HOSPITAL DE DIA DE BEJA

No requerimento, Pedro do Carmo frisa a importância terapêutica do serviço e o quadro de debilidade física e psicológica em que os pacientes se encontram perante o diagnóstico e os tratamentos e o que apelida de "a preocupante opacidade e falta de esclarecimento público do Conselho de Administração da ULSBA às questões colocadas por um jornalista, bem como a existência de respostas que contradizem a informação que circula entre profissionais, utentes e um pouco por toda a região".

Em concreto, Pedro do Carmo perguntou ao ministro da Saúde se se confirmam os rumores que a preparação dos citotóxicos pode ser suspensa de imediato e se está em causa, no mínimo, o encerramento temporário dos tratamentos com quimioterapia no Hospital de Dia de Oncologia do Hospital de Beja; o que leva o Infarmed a realizar nos últimos meses e num curto espaço de tempo duas inspeções na ULSBA, após a inspeção realizada em 2012; o que foi feito concreta e objetivamente pela Administração entre 2012 e 2016 para ultrapassar os problemas detetados então e se o Conselho de Administração fez nesse período de 4 anos tudo o que estava ao seu alcance para ultrapassar quaisquer problemas que pudessem ter sido detetados e garantir em absoluto a segurança de utentes e profissionais.
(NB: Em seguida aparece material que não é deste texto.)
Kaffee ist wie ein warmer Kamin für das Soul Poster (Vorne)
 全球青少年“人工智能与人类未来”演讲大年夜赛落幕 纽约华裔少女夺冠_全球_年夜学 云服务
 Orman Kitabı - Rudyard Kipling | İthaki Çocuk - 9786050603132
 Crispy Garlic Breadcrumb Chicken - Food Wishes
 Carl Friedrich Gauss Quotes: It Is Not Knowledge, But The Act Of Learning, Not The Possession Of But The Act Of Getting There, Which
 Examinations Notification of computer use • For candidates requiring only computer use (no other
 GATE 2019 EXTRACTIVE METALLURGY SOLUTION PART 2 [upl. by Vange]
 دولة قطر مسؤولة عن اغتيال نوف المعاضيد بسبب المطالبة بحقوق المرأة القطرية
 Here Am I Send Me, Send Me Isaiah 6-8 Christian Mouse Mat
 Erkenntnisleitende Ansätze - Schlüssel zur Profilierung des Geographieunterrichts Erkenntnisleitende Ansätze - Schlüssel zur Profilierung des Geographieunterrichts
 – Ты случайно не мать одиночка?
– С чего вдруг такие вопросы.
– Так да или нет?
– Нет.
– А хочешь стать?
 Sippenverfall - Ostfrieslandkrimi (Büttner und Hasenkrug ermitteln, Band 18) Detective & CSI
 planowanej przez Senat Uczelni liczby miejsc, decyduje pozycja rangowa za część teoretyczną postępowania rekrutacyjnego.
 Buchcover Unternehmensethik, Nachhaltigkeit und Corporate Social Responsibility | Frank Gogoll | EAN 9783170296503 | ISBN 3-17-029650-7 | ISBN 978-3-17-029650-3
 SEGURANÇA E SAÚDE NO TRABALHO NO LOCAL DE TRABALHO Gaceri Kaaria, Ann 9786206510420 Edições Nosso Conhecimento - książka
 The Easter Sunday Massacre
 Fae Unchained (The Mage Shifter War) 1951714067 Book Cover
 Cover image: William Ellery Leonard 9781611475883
Estas são algumas das questões que Pedro do Carmo quer ver respondidas com a máxima urgência e detalhe na informação, de forma a erradicar o alarme social gerado pelas informações que circulam em surdina, deixou claro ainda, o parlamentar.

A Voz da Planície contactou a presidente do Conselho de Administração da ULSBA, com o objectivo de obter esclarecimentos sobre as questões levantadas pelo deputado Pedro do Carmo, que remeteu para o dia de hoje uma resposta.